En 1981, l’écrivain Louis Nucéra reçoit le prix Interallié pour son roman Le Chemin de la Lanterne. Amoureux de sa ville natale, il a consacré plusieurs ouvrages à ses quartiers. Ce « chemin » de la Lanterne, il le sillonne avec son vieil oncle Antoine (Antonio Genaro), survivant de la Grande Guerre, à l’aube de ses 88 ans. L’oncle le berce de souvenirs familiaux, témoigne de la vie du quartier d’antan et évoque son grand amour de jeunesse, Rose, disparue lorsqu’il était au front.

​Le côté villageois de la Lanterne s’est en effet estompé dès les années 1940-1950, avec l’urbanisation des hauteurs de la Lanterne où une nouvelle école, « Les Magnolias », qu’on doit à l’architecte niçois Benjamin Erena, est édifiée à la fin des années 1950 puis agrandie en 1963.

 

 

 

Enfants jardinant dans la cour de récréation de l’école de La Lanterne, photographie noir et blanc, juin 1970 (Archives Nice Côte d’Azur, fonds du service photographique).

L’ école « Les Magnolias », photographie noir et blanc, années 1960-1970. (Archives Nice Côte d’Azur, 3 Fi 96)

En août 1974, c’est au tour de la pépinière municipale de la Lanterne de céder sa place à un autre groupe scolaire, celui de la Lanterne.

Pépinière de la Lanterne, photographie noir et blanc, 1949.  (Archives Nice Côte d’Azur, 1064 W 430).

Fin 1968, les services de la Mutualité Agricole des Alpes-Maritimes s’installent dans une construction à l’architecture avant-gardiste qualifiée, à l’époque, de « tour ultra-moderne ».

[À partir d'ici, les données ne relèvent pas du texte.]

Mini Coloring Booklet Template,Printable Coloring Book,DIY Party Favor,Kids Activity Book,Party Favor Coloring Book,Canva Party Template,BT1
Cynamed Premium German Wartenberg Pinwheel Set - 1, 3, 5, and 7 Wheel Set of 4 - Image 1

À la fin des années 1980, le ministère de la Santé autorise la construction du « Centre azuréen de radiothérapie avancée » (CARA) qui doit accueillir le futur cyclotron du Centre Antoine-Lacassagne. L’imposante machine de traitement des cancers « Médicyc » est mise en place, en 1989, dans un coffre de béton au sommet de la colline. Ce premier accélérateur de protons de basse énergie installé en France, dédié aux tumeurs oculaires, est inauguré en 1991.